After all, both have pointy ears and noses. The color of their coats can be similar. Both live in Dare, Hyde, Tyrrell, Washington and Beaufort counties in eastern North Carolina. But only one is the most endangered canine in the world.
Columbia is a small town full of hunters. The Red Wolf Coalition is on main street across from Sandy’s Place, one of two restaurants in town. The lunch crowd is full of men in camo. Plenty of women wear the forest pattern too —on baseball caps, hoodies, even purses. Wheeler eats her lunch, greeting neighbors and friends as they go by.
But as friendly as the townsfolk are over lunch, , they’re not always comfortable with her mission.
Once, Wheeler remembers the window wolf catching the eye of a little girl walking past with her mom. The girl was no more than four, Wheeler thinks. As she passed, she pointed, excited, thinking it was a dog.
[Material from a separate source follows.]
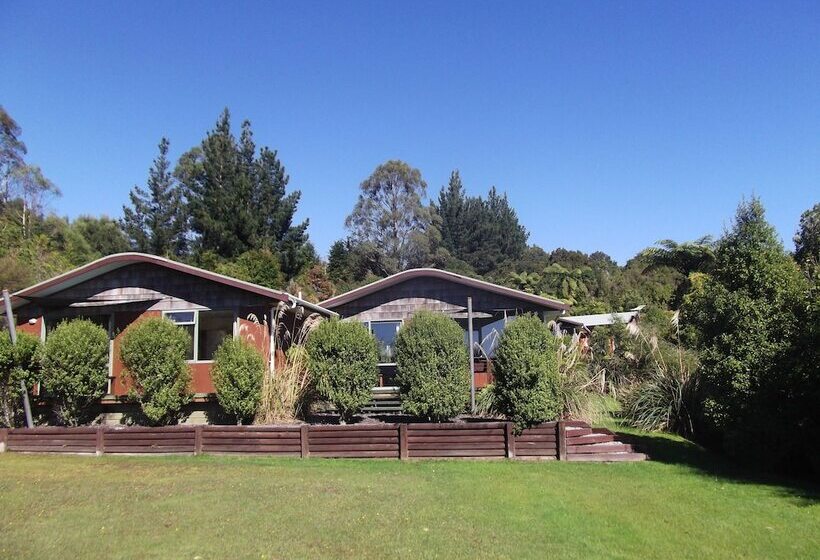 فندق على الطريق Goldfield Suites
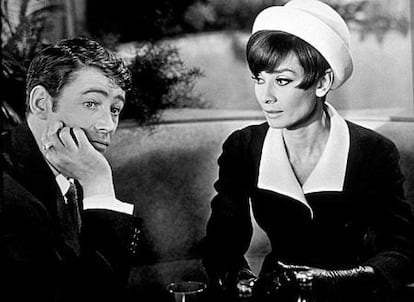 Peter O'Toole y Audrey Hepburn, en una escena de la película 'Cómo robar un millón y...', de William Wyler.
“And her mother says, ‘No, that’s not a dog, that’s a wolf. We hate wolves,’” Wheeler remembers. Even now, the incident gets to her.
“You’re entitled to your own opinion. But, my first thought was, ‘Why do we want to teach a child to hate anything?’” Wheeler said. “Hate, to me, is a strong word. Her mother has not had any bad experiences with wolves. She just hates them because she feels like they’re eating all the deer.”
But for Wheeler, there’s no reason for hating the wolves that is good enough. She loves them too much. Her office is covered in photos of them, figurines of them, books about them. She even volunteers to feed a pair of wolves, named Manny and Sierra, kept down the road at Pocosin Lakes Wildlife Refuge.
“I always take time just to watch them. And I look and I think, ‘Why are people so afraid of them?’” she says, as she puts her hand to her heart. “They’re beautiful to me.”
To name the wolves or not
Joe Madison pays a visit to those wolves before his return to Alligator River National Wildlife Refuge. He is in charge of the Red Wolf Recovery Program. The program is hoping to put together three wild pairs before mating season ends in March. They’ve been unlucky catching females, despite setting and checking traps for over a month.
Here at Pocosin, he stands inside the pen. There is nothing between him and the wolves.
“You can see how menacing they are, how much they want to tear us apart,” he jokes, motioning to Manny and Sierra. The wolves nearly skim the opposite fence in their eagerness to be far away from the human in their space.
“Don’t tell me the names,” he says, averting his eyes from the plaque where the names of the captive wolves are emblazoned.
“As a wildlife biologist, you don’t name wildlife,” he says. But, Madison admits, he understands why they name them. It’s easier for educational purposes.
After all, the wolves in fairy tales like “Little Red Riding Hood” and “The Three Little Pigs” don’t have names except for their descriptor: Big Bad Wolf. If naming the wolves makes it easier for people to connect with them and want to save the species, that is fine with Madison.